PROBLEM DETAILS = Print the listing below only from the line that has "Casa à venda com 176m², 3 quartos e 4 vagas Casa" through the line that has "2701 SW 3rd", exactly, and drop any picture.

DATA SHOWN =
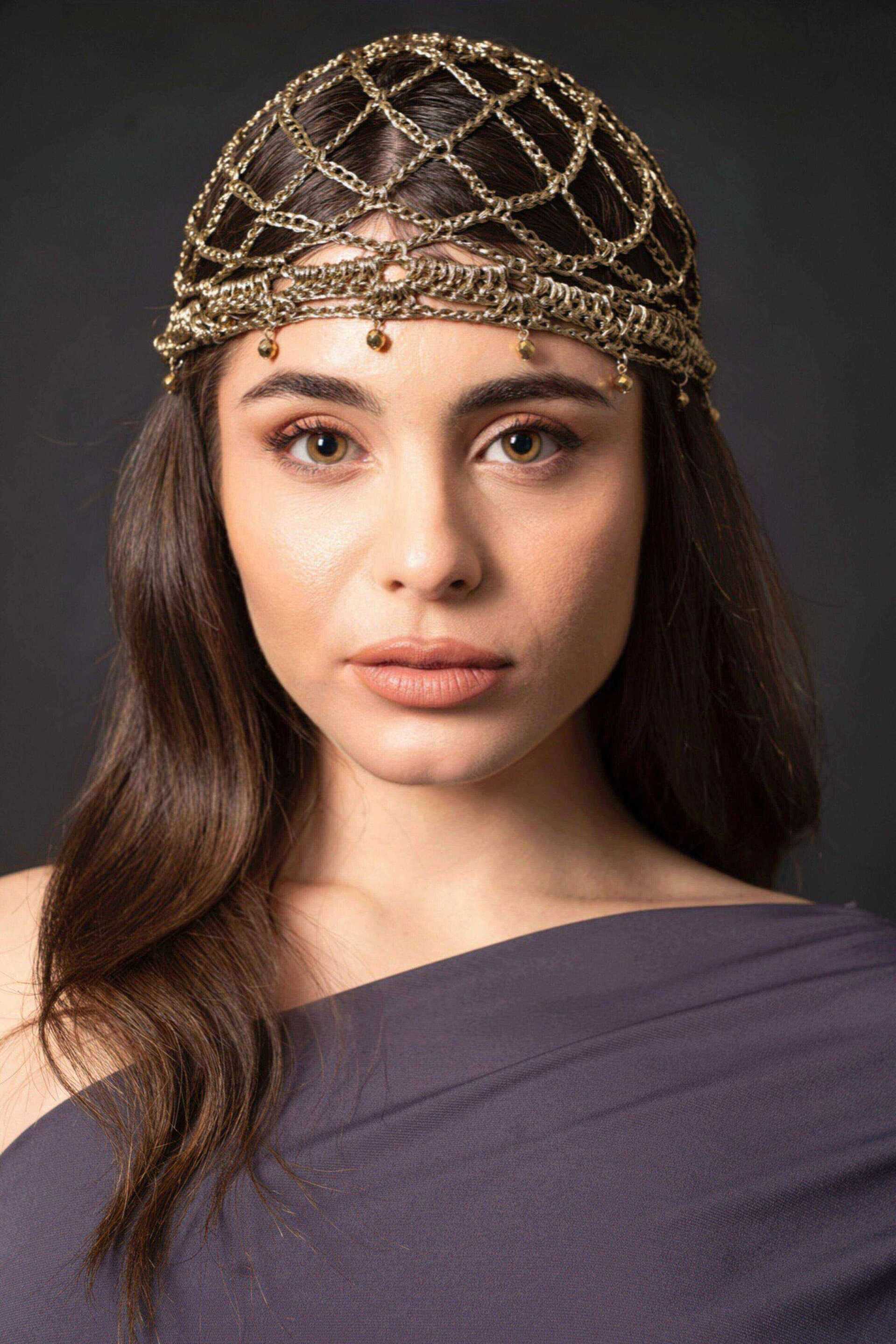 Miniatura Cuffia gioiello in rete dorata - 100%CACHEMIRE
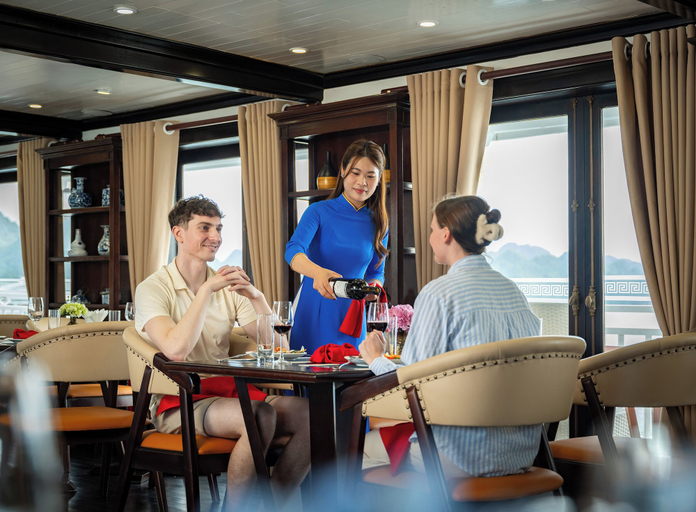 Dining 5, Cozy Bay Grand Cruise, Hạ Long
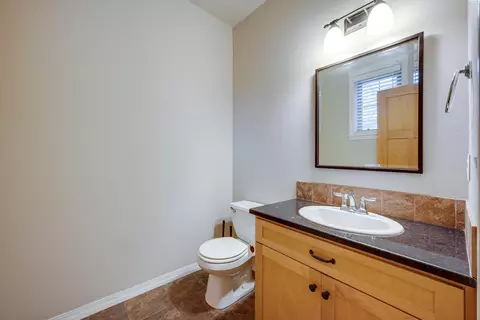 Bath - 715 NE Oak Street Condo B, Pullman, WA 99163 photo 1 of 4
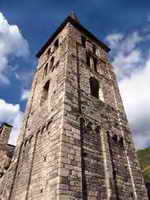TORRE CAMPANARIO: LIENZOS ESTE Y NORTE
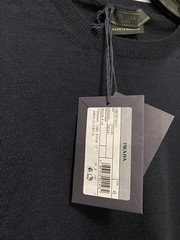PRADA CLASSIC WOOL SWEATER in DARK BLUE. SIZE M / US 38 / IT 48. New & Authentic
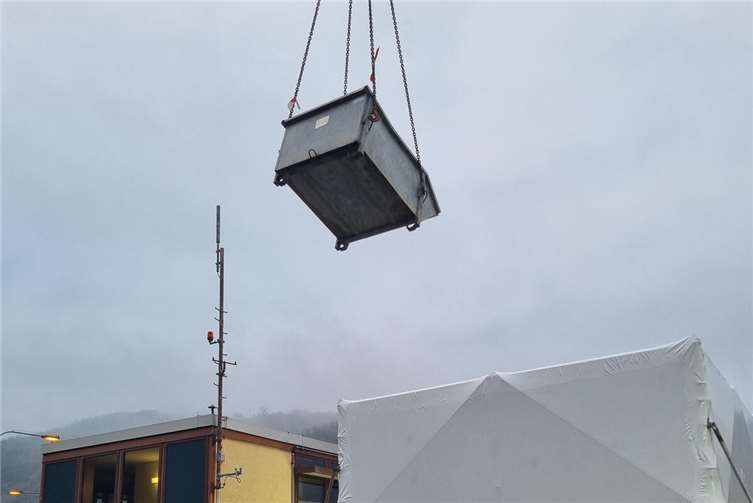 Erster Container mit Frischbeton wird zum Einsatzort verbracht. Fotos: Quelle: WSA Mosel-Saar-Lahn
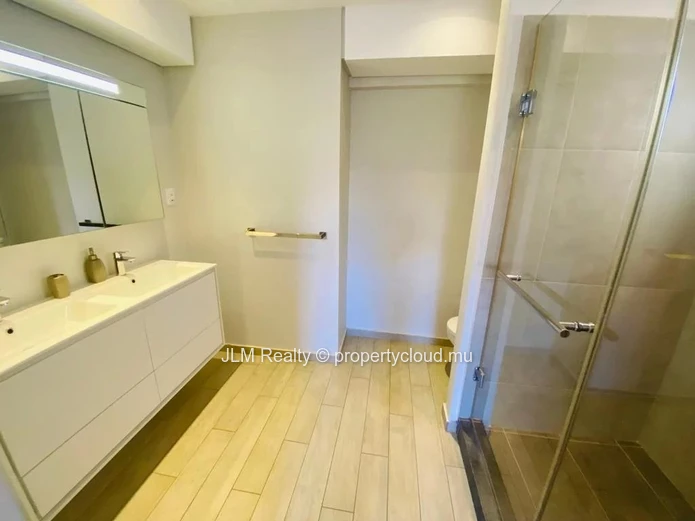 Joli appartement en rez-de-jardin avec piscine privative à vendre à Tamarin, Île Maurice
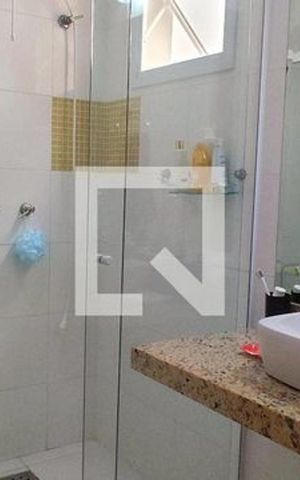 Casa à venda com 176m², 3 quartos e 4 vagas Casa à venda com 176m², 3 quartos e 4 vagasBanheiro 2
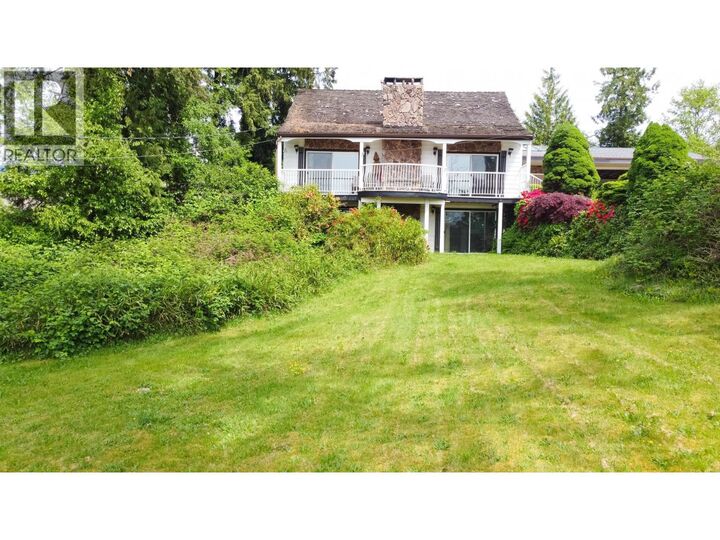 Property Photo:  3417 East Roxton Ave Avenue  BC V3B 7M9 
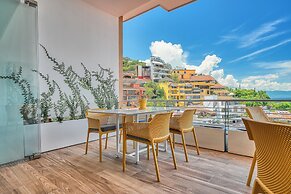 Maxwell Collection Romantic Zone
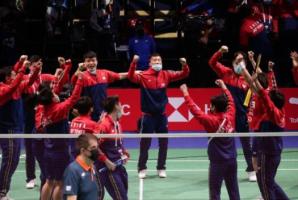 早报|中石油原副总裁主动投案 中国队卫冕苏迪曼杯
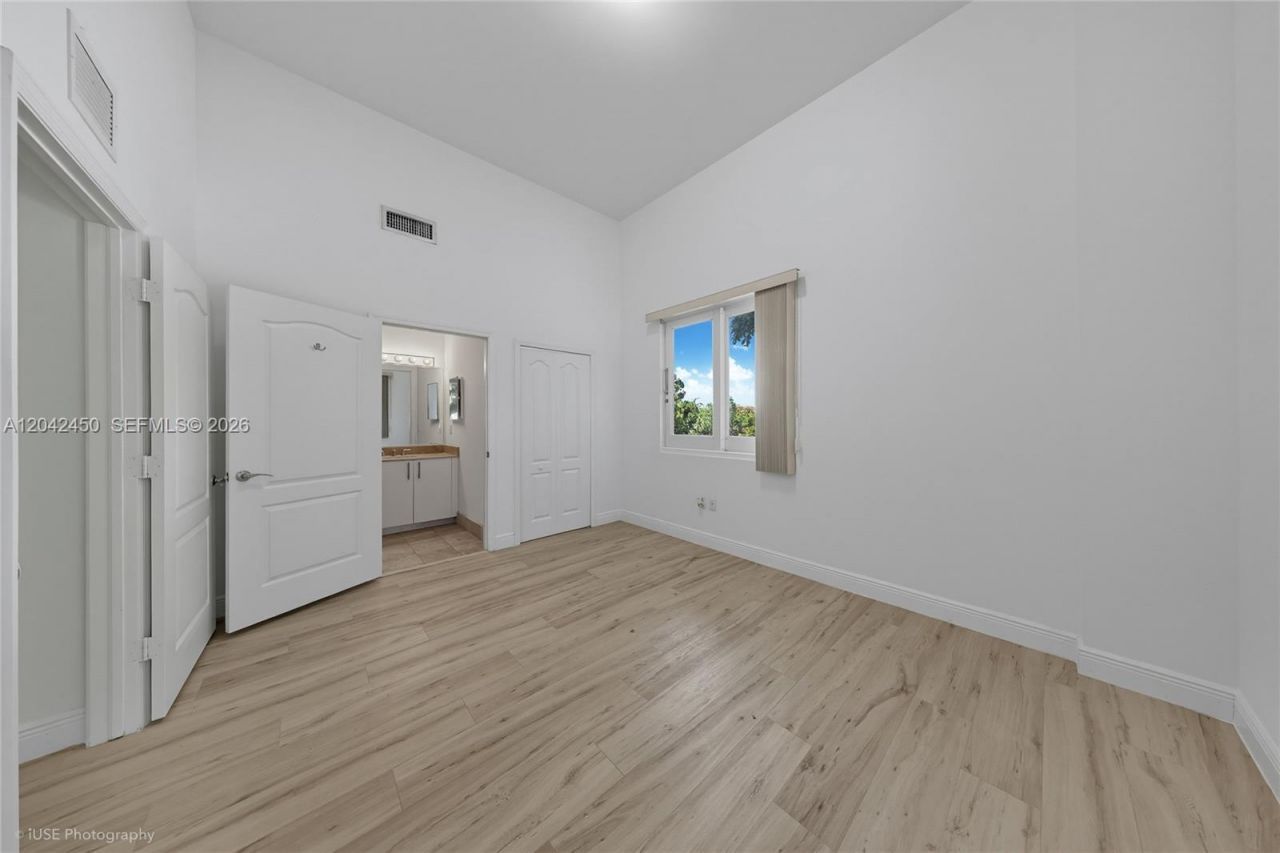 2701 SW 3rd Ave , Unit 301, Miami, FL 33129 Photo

...

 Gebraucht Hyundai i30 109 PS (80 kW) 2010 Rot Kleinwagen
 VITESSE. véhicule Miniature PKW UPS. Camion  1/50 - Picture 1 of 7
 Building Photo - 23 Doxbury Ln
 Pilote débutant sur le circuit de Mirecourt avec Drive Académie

---

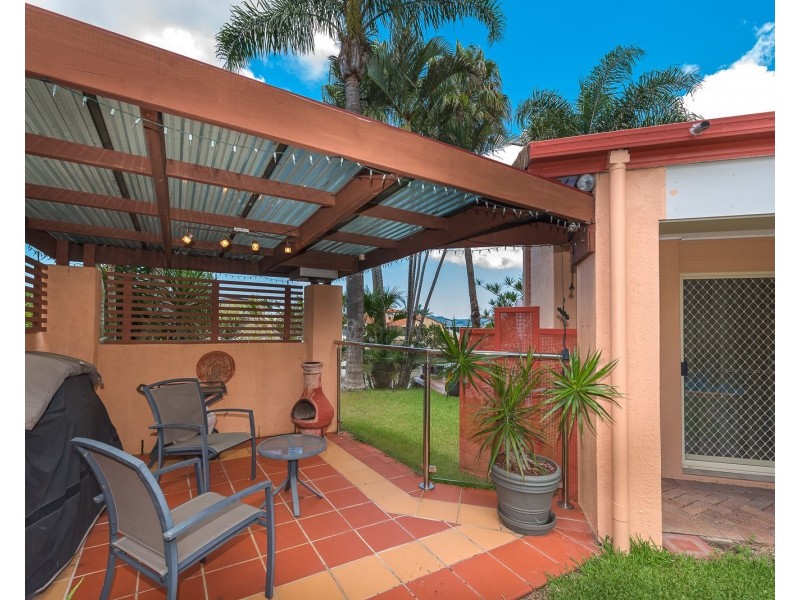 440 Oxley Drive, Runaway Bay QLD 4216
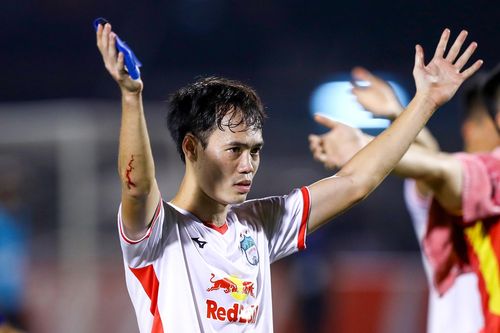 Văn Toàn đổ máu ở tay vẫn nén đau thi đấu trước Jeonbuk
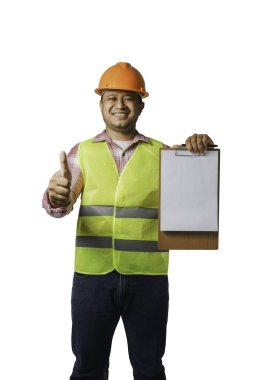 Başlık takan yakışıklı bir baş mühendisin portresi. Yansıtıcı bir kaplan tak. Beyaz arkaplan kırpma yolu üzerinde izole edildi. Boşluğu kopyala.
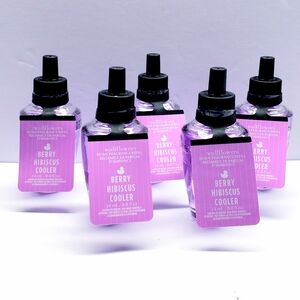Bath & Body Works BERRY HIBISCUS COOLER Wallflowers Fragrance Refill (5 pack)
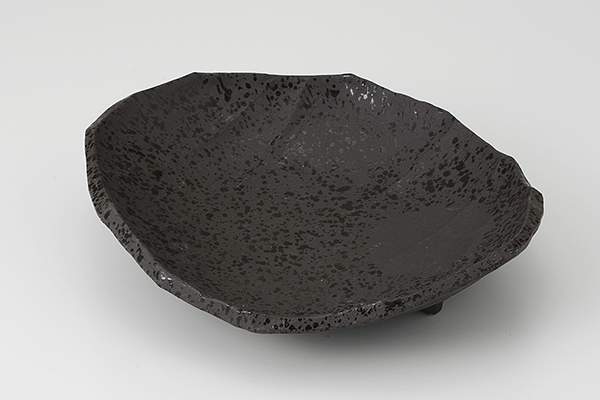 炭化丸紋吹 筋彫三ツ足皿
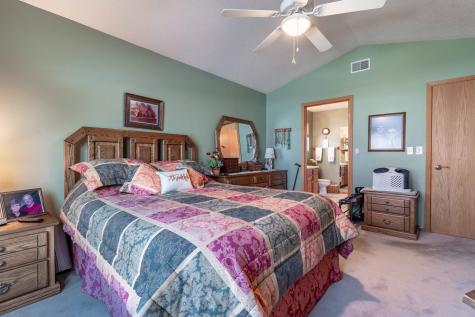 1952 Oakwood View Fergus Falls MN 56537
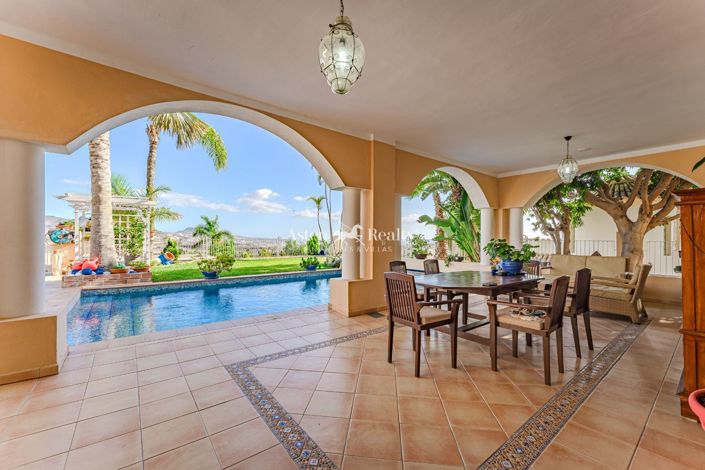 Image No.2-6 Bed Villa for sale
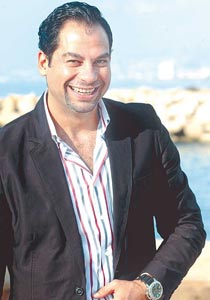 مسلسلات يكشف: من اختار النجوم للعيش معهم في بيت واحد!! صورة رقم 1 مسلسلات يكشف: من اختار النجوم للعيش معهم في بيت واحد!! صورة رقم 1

OUTPUT OF THE TASK =
 Casa à venda com 176m², 3 quartos e 4 vagas Casa à venda com 176m², 3 quartos e 4 vagasBanheiro 2
 Property Photo:  3417 East Roxton Ave Avenue  BC V3B 7M9 
 Maxwell Collection Romantic Zone
 早报|中石油原副总裁主动投案 中国队卫冕苏迪曼杯
 2701 SW 3rd Ave , Unit 301, Miami, FL 33129 Photo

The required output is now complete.